Mr Hague renewed his warning that the Tories would oppose British membership of the European Single Currency for the "foreseeable future". But in a strategy apparently designed to bind party wounds, Mr Hague - and his foreign affairs spokesman, Mr Michael Howard - declined to say specifically if their opposition to British membership would hold for the lifetime of the present parliament.
Pressed to say if he ruled out membership for 10 years, Mr Hague replied: "I'm not going into hypotheses about future parliaments. It means certainly if there was a referendum on the single currency in the next few years we would be campaigning for a `no' vote."
In his conference speech, Mr Howard repeated the "foreseeable future" formula. But the leadership's attempts to build bridges fell on deaf ears on the conference fringe, where Mr Norman Lamont and Sir Leon Brittan argued alternatively that opposition to the currency was the road to salvation or ruination.

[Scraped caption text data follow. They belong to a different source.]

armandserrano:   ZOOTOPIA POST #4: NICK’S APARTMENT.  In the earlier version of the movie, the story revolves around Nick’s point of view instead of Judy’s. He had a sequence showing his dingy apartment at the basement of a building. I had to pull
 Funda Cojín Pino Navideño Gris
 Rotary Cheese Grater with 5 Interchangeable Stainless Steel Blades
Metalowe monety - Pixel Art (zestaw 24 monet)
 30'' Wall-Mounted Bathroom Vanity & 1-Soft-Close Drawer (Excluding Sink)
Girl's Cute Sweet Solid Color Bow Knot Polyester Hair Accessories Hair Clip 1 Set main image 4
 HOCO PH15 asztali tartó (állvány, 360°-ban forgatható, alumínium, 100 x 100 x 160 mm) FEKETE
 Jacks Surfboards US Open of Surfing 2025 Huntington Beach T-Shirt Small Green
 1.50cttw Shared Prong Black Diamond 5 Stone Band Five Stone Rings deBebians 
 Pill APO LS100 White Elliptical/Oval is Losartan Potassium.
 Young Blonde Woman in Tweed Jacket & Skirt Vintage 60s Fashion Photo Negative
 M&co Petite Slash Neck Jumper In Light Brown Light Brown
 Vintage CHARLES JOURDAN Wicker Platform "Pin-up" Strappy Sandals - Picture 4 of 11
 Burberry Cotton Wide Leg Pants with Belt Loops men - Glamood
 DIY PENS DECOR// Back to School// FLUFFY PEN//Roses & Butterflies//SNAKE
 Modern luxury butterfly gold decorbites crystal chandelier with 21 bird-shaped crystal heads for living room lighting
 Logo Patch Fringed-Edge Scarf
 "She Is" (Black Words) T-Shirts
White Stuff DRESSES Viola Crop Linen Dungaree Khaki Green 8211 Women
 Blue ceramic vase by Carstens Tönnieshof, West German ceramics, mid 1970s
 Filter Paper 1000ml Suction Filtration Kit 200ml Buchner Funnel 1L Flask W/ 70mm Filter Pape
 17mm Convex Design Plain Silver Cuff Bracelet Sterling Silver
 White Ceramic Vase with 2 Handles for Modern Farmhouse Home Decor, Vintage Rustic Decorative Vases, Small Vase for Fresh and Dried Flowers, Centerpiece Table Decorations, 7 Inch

The former chancellor said a campaign for a "no" vote would put the Conservatives "on the path back to power". Addressing a joint meeting of the Bruges Group and Conservatives Against a Federal Europe, Mr Lamont said: "A political party can only unite around what it believes. William Hague's policies are those of the mass of the Conservative party. He has adopted the policies to unite the party. But it is vital that the party makes its position ever clearer to the country . . . Far from opposition to the single currency making the Conservatives irrelevant, the opposite is true. The Tories will be utterly irrelevant if they do not wholeheartedly oppose a single currency."
However, Sir Leon, who is Britain's European Commission vice-president, warned his party to accept the inevitability of the single currency. Sir Leon told the Conservative Group for Europe that EMU "will happen in 1999 and there is no point in the Conservative party sticking its head in the sand, thinking it will go away of its own accord. It will not".
He continued: "Conservatives have always been proud of their pragmatism. Languishing in glorious isolation, divorced from the events of the real world, would be a profoundly un-Conservative response . . . The facts speak for themselves. The push towards EMU has led to an unprecedented wave of liberalisation, deregulation and privatisation on continental Europe. These are precisely the policies the conservatives pioneered in the 1980s. To condemn EMU before it has even started would be to ensnare the party in a trap of political irrelevance."
Meanwhile, as Mr Hague battled to pull the party behind his banner, his defeated leadership rival, Mr Clarke, failed to rule out another tilt at the top job. Asked if he would ever challenge a serving Tory leader, Mr Clarke replied: "I have no idea. I have no intention of standing against the present one. . .at this time."